All of lore.kernel.org
 help / color / mirror / Atom feed
From: "Dr. David Alan Gilbert" <dave@treblig.org>
To: Keith Busch <kbusch@kernel.org>, zkabelac@redhat.com
Cc: Vjaceslavs Klimovs <vklimovs@gmail.com>,
	Thorsten Leemhuis <regressions@leemhuis.info>,
	trnka@scm.com, linux-block@vger.kernel.org,
	dm-devel@lists.linux.dev,
	Linux kernel regressions list <regressions@lists.linux.dev>
Subject: Re: Repeatable, raid1+O_DIRECT, hang/warn
Date: Tue, 16 Jun 2026 14:04:49 +0000	[thread overview]
Message-ID: <ajFYAeItZkyZ9Imi@gallifrey> (raw)

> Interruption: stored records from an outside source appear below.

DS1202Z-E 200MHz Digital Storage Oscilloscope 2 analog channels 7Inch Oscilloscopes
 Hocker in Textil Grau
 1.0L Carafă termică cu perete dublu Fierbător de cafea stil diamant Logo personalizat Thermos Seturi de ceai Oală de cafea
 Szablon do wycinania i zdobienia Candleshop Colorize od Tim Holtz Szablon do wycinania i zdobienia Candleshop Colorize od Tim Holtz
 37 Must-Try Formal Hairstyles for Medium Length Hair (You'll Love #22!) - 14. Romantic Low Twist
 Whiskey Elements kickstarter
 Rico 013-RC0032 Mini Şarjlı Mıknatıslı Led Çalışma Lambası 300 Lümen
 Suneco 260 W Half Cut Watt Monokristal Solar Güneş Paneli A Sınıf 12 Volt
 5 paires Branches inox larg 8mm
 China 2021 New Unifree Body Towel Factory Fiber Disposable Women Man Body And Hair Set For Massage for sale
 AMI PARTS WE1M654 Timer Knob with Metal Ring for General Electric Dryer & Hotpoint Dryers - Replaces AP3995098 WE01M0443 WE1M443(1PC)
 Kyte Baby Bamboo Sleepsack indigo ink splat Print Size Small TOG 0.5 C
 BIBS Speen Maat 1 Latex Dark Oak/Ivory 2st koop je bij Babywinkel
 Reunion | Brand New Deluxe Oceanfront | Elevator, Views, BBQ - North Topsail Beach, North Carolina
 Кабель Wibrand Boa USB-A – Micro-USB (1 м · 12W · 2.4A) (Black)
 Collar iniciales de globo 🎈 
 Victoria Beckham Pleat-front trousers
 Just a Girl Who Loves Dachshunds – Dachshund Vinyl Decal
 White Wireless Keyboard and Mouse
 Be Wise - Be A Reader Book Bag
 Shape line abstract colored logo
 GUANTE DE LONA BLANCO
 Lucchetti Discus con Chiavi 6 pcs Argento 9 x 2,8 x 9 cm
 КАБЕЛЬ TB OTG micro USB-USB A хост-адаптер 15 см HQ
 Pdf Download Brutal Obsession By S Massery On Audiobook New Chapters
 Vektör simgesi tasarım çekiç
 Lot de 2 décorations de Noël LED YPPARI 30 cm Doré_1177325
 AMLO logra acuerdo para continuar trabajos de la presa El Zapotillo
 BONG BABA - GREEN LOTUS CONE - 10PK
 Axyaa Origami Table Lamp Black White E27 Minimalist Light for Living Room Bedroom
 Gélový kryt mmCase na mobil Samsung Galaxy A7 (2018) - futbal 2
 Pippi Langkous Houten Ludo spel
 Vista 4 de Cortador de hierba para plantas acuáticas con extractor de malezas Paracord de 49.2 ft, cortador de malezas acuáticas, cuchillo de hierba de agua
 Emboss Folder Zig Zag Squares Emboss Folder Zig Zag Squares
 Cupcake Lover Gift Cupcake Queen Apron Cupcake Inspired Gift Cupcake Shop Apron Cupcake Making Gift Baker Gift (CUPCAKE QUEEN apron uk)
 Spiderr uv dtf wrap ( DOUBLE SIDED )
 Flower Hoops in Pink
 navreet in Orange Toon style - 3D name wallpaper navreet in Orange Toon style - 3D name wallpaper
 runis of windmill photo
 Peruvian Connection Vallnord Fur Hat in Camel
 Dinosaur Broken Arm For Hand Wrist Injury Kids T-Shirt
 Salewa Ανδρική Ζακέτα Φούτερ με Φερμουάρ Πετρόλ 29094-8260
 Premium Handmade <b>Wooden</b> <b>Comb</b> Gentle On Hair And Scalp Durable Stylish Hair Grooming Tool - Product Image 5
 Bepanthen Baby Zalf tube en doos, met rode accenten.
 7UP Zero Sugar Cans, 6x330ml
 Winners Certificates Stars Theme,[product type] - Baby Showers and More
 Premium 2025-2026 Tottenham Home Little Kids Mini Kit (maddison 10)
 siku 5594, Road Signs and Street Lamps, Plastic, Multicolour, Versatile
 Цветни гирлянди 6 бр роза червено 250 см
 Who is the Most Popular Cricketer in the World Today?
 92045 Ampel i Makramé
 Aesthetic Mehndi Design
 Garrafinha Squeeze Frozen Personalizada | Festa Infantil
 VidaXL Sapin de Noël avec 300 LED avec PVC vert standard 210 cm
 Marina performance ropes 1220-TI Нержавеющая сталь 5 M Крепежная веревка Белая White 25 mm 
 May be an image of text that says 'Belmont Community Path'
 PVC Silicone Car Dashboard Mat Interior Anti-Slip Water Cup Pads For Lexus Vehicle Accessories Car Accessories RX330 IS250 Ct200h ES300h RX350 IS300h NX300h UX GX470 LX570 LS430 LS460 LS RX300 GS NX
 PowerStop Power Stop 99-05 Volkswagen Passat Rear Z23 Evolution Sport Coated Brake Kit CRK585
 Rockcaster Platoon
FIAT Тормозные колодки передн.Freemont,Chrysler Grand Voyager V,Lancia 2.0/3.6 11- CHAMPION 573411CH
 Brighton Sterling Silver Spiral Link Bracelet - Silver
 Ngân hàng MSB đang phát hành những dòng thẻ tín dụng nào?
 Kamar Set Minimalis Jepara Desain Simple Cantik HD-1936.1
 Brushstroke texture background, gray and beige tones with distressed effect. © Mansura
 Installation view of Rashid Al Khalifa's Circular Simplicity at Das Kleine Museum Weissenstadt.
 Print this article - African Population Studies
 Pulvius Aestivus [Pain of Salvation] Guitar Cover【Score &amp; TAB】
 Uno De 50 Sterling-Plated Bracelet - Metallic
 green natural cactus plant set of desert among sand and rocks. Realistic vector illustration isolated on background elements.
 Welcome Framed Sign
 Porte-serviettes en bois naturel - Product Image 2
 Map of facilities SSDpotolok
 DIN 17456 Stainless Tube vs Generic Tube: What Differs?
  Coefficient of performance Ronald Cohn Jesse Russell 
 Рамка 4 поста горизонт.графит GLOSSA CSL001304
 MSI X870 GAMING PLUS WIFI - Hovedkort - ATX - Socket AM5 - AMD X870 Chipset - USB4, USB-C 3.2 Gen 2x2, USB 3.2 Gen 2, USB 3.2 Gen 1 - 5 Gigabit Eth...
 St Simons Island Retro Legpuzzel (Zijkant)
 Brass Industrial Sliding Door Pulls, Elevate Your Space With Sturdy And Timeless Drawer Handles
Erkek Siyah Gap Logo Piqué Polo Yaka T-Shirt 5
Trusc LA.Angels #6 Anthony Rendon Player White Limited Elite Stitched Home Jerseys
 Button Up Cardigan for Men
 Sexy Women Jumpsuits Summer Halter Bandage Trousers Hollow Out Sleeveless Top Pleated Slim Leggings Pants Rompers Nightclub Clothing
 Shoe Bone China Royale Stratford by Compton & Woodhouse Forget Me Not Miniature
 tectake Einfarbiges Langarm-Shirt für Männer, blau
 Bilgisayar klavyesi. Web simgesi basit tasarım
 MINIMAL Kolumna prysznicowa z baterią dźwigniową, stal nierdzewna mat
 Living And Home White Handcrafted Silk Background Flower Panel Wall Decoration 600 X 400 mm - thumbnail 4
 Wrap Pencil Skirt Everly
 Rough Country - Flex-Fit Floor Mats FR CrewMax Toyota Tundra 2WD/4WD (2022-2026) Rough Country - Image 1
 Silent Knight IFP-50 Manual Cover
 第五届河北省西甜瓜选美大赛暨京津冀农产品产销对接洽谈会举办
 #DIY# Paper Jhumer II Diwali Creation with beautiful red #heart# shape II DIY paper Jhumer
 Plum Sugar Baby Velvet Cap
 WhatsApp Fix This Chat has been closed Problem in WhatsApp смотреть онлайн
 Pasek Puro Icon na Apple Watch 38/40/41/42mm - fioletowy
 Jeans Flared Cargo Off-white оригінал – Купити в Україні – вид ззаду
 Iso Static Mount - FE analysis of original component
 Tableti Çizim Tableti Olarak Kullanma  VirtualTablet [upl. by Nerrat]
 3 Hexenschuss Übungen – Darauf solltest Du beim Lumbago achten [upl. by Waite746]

In-Reply-To: <ajFK5NXkxd6jU5zu@gallifrey>

* Dr. David Alan Gilbert (dave@treblig.org) wrote:
> * Dr. David Alan Gilbert (dave@treblig.org) wrote:
> > * Keith Busch (kbusch@kernel.org) wrote:
> > > On Mon, Jun 15, 2026 at 04:16:12PM -0700, Vjaceslavs Klimovs wrote:
> > > > Your trace looks like what the two earlier reports hit: a read reaching
> > > > a leaf device with sectors > 0 but phys_seg 0 (an empty bio). One aside
> > > > that may help read the trace: blk_io_trace.error is a __u16, so the
> > > > bracketed values on your C lines are errnos as u16 (65514 = -EINVAL,
> > > > 65531 = -EIO).
> > > > 
> > > > The WARN itself is new, the bad bio isn't. bio_add_page() only started
> > > > rejecting len == 0 in 643893647cac ("block: reject zero length in
> > > > bio_add_page()", v7.1-rc1); on 7.0.8 the same empty bio tripped
> > > > scsi_alloc_sgtables()'s !nr_segs instead, which matches what you saw.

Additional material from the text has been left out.